— THE PROBLEM —
All of the data, except its images, should be set down exactly as it appears.

##### PROVIDED DATA

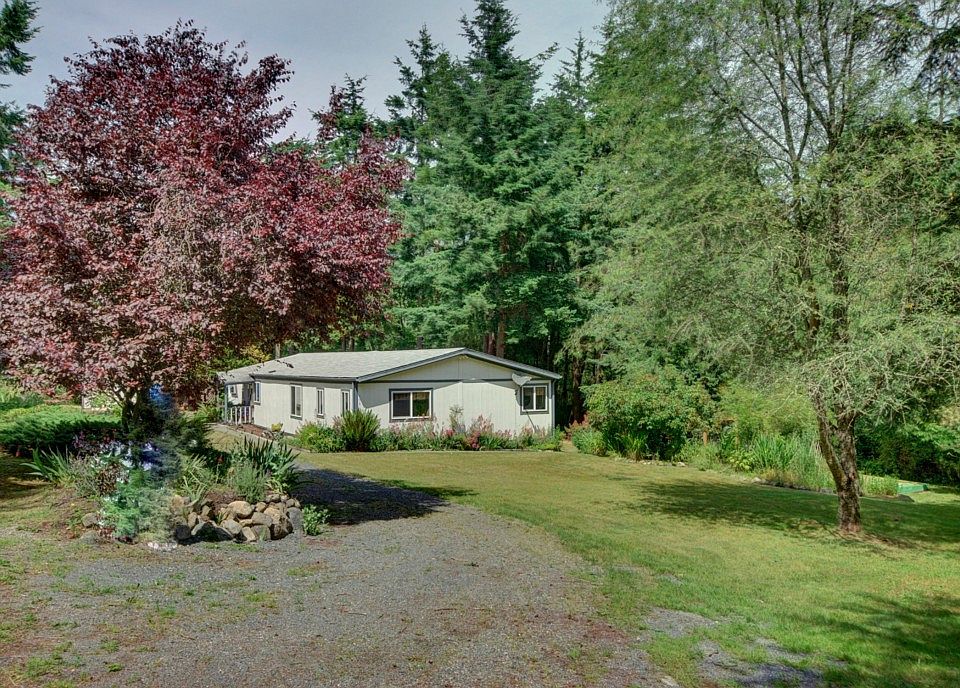 1st image of 498 NW Crosby Ave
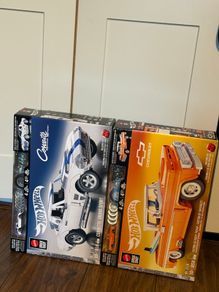 Mattel brick shop Hot wheels Corvette + 62 Chevy Pickup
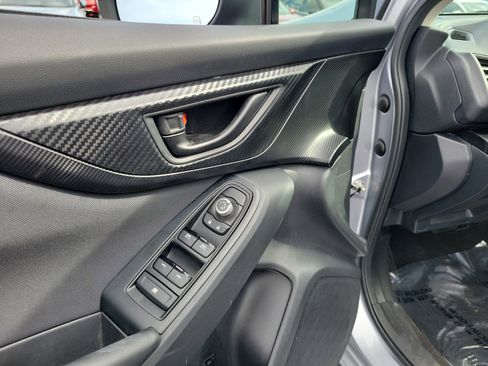 Used 2021 Subaru Crosstrek 2.0i Premium w/ Moonroof Package image 18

##########

— RESPONSE BELOW —
 1st image of 498 NW Crosby Ave
 Mattel brick shop Hot wheels Corvette + 62 Chevy Pickup
 Used 2021 Subaru Crosstrek 2.0i Premium w/ Moonroof Package image 18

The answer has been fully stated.